When I saw it before going to the site, I said to myself "This should be the
logo of a company that is offering assurance or 'verifying' something for the
check mark to be so prominent", and I'm glad I was right.

I think it works for what you're doing, but I wouldn't say it sweeps me off my
feet. I think you could leverage the V-check mark in a lot of ways, however,
like you have on your globe.

In my un-qualified opinion: B+

------
steventruong
Not my style but my opinion doesn't matter here. Its what you guys like and
what your customers (TARGET audience) think that matters. As for why its not
my style, I don't like the font or the check design in place of the V.

------
helen842000
It reminded me of Verisign so I was expecting some kind of web verification
tool. So logo and business do match well.

The only comments I'd make is the roundness/bubble style of the font make it
look a bit on the comic sans side.

I'd say the tick is quite long, almost turning into a green shoot, which makes
me think more of growing your business. I think it's because the point on the
end of the tick doesn't match with the roundness of the font.

The good points are that it is recognisable and would work well in colour or
on b&w documents too.

------
debacle
Man, I was expecting something crap (that's usually what happens when someone
asks for "please critique $x")

It's very well done. There's a bit of an issue with the aliasing on the top of
the checkmark, and I would make the left stroke of the V slightly larger (it
looks slightly smaller than the other side of the V, which is jarring), but
other than that it's simple, recognizable, portable into different media, and
will age well.

------
brudgers
Graphically, I think it's good enough overall that you should move on.

My concerns are:

Dark grey background doesn't really scale over the long term.

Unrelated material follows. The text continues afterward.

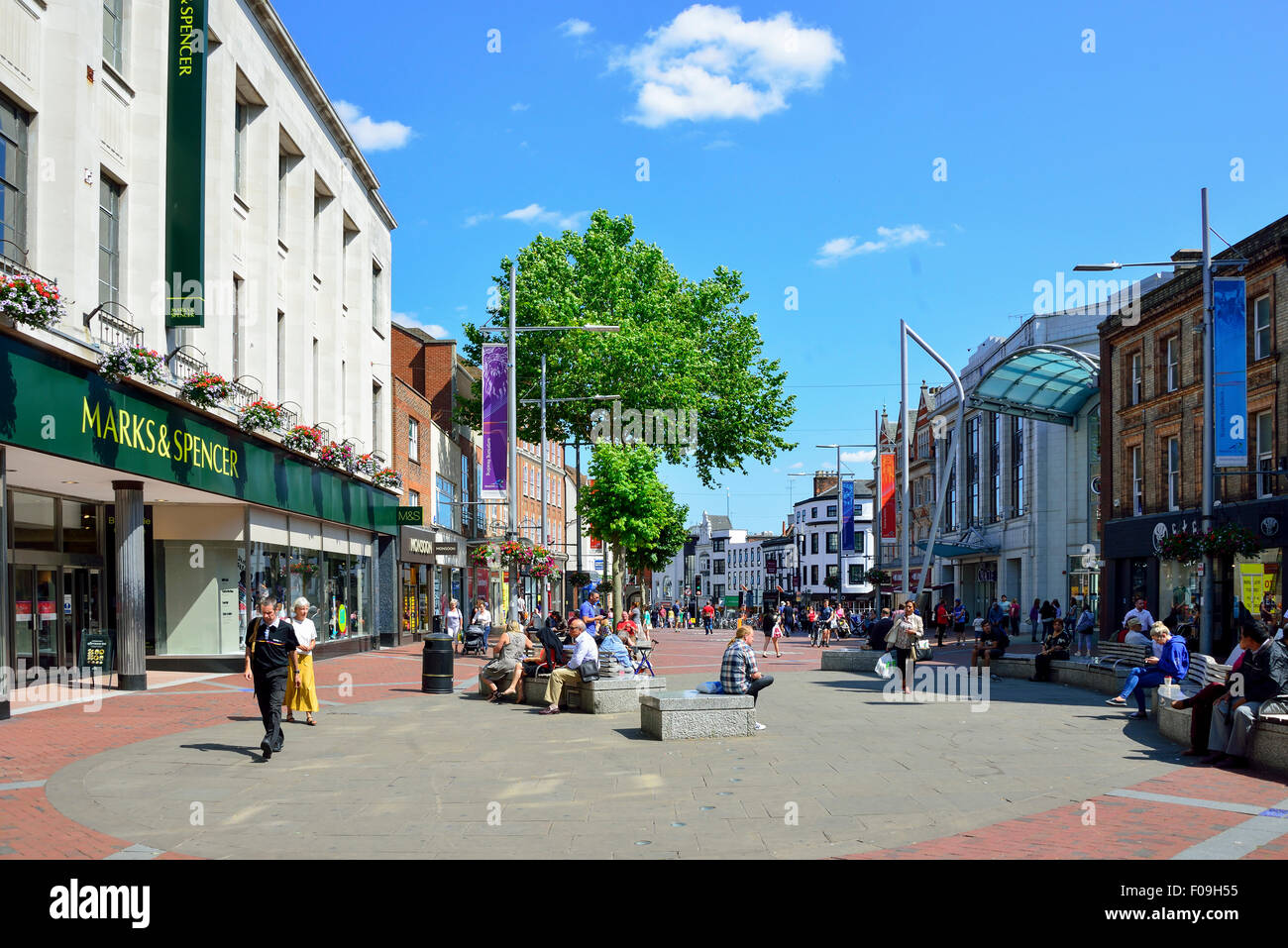 Pedestrianised Broad Street, Reading, Berkshire, England, United Kingdom Stock Photo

Very dark red would be better than the black.

See: <http://www.kadavy.net/blog/posts/d4h-color-theory/>

------
grumps
The only thing I have to say is that you extended "loopish" off the V tends to
make the rest unreadable/ rather small once it hits the favicon size. The
green tends to not be enough contrast between FF's grey in the favicon area.

------
sirwitti
to me its a bit hard to identify the check mark as V. additionally the kerning
is very close which makes it hard to read. i hope that helps, martin

------
rmATinnovafy
I cannot guess from the logo that this is a web tool.

------
yashchandra
The left side of the V should be tad higher. Unless I know the name of your
website, it seems like "erolo" with a check mark in front. May be I am too
dumb :)